TASK ITEM = Determine how many of the lines below include "Pendant", then respond with that number and no other text.

DATASET RECORDS =

※ ※ ※

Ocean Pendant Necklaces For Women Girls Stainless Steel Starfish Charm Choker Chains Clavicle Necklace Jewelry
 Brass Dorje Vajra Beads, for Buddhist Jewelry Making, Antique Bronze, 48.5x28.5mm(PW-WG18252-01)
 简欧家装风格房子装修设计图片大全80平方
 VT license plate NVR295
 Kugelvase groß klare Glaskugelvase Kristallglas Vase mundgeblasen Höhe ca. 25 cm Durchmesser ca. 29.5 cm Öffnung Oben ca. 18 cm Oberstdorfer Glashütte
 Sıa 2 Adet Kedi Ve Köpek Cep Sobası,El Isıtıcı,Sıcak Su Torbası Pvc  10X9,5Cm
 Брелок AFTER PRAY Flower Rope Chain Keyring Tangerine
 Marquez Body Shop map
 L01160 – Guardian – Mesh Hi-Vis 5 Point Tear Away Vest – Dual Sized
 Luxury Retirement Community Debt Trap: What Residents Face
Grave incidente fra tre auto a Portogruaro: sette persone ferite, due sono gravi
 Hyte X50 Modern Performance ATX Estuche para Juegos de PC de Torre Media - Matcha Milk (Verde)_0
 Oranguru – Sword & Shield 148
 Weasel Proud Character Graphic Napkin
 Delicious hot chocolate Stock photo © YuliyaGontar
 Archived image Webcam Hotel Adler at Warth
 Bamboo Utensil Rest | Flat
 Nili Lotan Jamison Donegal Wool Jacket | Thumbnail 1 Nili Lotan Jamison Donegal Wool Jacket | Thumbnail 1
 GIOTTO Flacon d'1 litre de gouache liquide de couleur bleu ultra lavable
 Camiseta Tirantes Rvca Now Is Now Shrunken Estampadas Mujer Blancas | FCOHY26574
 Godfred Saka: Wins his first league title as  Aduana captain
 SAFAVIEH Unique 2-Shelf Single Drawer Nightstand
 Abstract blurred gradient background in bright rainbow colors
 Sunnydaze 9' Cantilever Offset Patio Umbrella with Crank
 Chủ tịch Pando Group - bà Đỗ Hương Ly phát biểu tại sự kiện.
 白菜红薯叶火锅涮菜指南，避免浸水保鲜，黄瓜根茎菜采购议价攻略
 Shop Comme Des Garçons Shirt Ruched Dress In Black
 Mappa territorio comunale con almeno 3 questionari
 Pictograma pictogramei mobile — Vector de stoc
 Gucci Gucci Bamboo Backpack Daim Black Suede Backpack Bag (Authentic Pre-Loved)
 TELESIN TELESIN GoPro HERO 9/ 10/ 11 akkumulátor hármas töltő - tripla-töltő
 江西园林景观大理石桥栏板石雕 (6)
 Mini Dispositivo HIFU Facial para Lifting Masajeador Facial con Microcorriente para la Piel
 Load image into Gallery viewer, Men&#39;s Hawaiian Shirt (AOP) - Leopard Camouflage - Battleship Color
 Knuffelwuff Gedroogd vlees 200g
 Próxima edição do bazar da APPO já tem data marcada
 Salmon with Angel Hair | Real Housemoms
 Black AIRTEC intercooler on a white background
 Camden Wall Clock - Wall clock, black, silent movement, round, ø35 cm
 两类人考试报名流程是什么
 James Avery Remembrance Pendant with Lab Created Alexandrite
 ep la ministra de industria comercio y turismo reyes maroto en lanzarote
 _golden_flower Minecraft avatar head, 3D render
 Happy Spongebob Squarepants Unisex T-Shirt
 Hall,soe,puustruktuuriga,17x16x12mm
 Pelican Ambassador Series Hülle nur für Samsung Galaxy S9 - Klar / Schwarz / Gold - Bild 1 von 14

※ ※ ※

FINAL ANSWER = 2